━━ Task data ━━
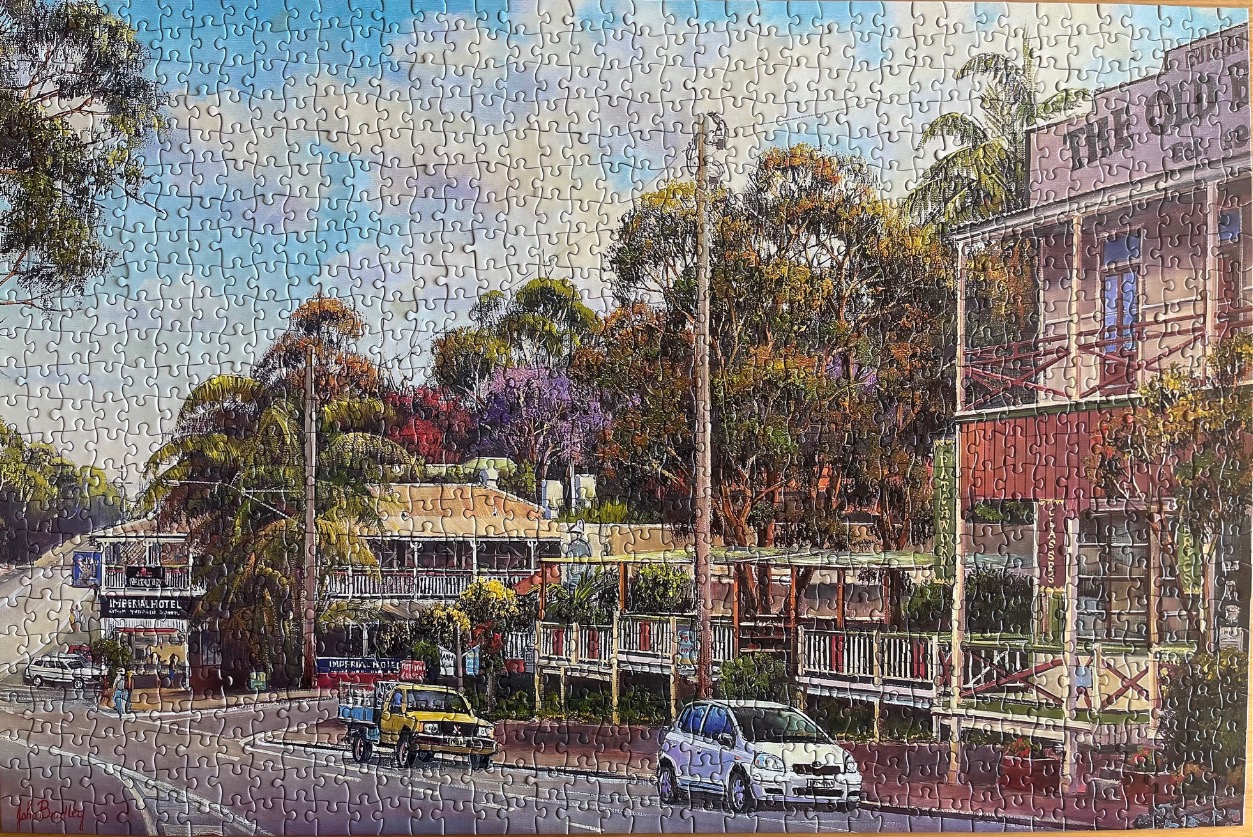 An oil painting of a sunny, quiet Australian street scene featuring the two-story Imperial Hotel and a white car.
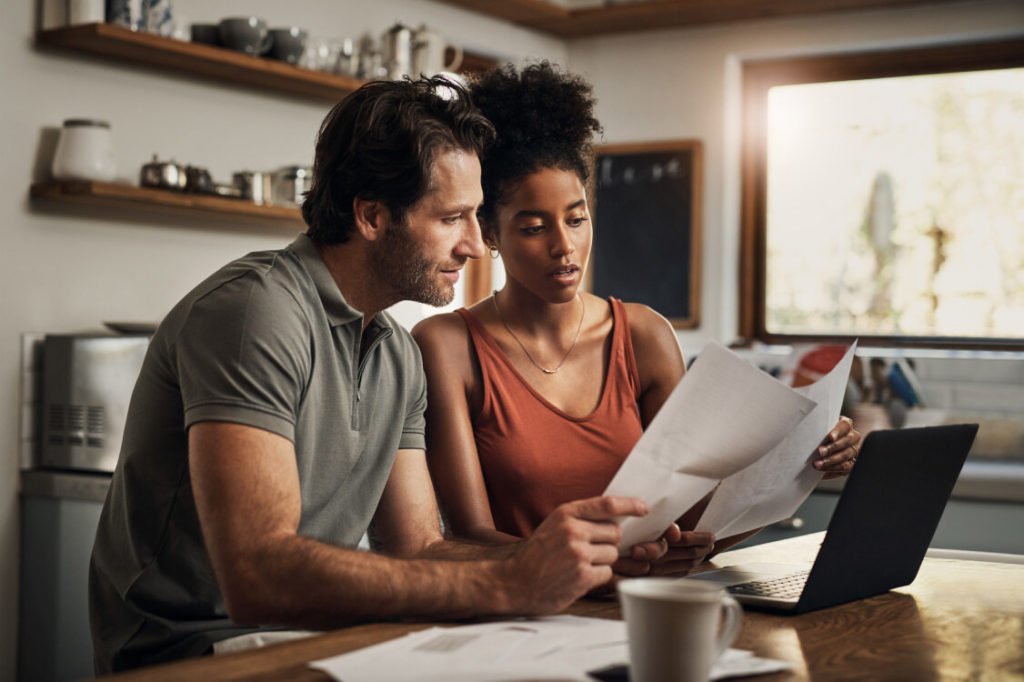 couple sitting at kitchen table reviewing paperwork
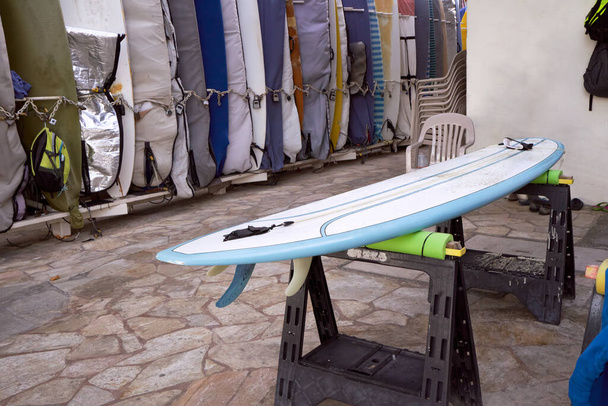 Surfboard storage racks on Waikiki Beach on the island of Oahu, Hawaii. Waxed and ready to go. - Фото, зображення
━━━
━━ Task data ━━
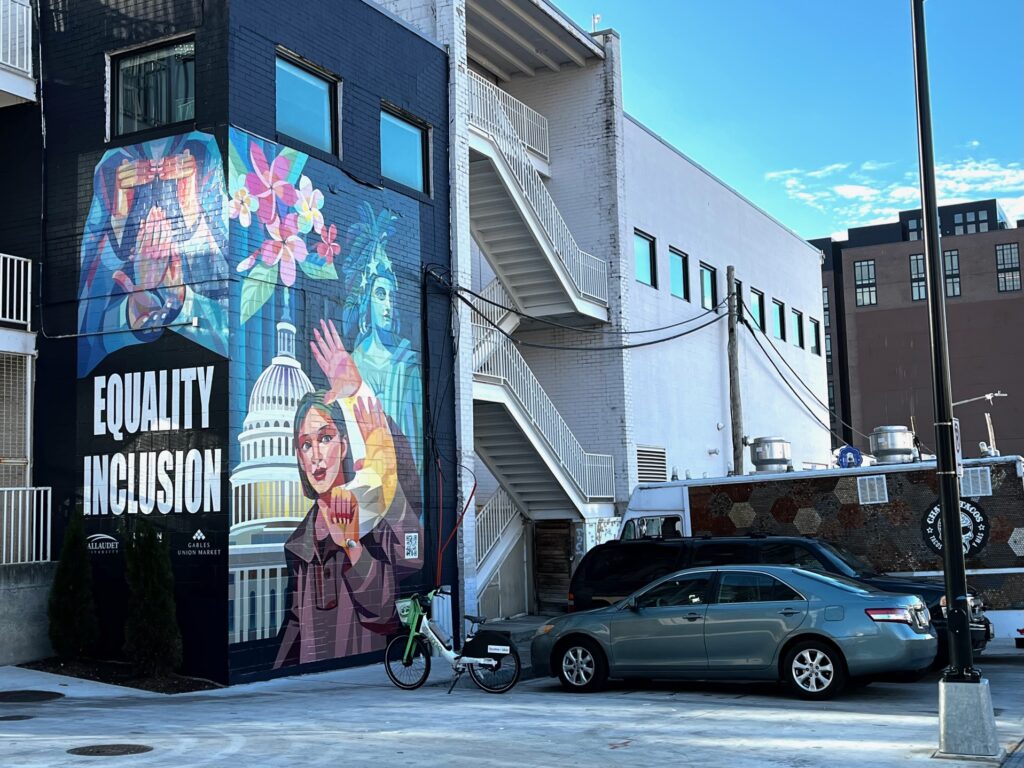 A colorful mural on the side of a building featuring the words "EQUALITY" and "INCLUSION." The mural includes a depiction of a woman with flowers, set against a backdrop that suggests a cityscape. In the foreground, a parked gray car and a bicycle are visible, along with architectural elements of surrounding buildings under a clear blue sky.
━━━
**Task requirements**
Using the material above, transcribe exactly the lines from the one holding "An oil painting" to the one holding "Surfboard storage racks", both ends kept. Do not carry over any pictures.

**Exercise answer**
 An oil painting of a sunny, quiet Australian street scene featuring the two-story Imperial Hotel and a white car.
 couple sitting at kitchen table reviewing paperwork
 Surfboard storage racks on Waikiki Beach on the island of Oahu, Hawaii. Waxed and ready to go. - Фото, зображення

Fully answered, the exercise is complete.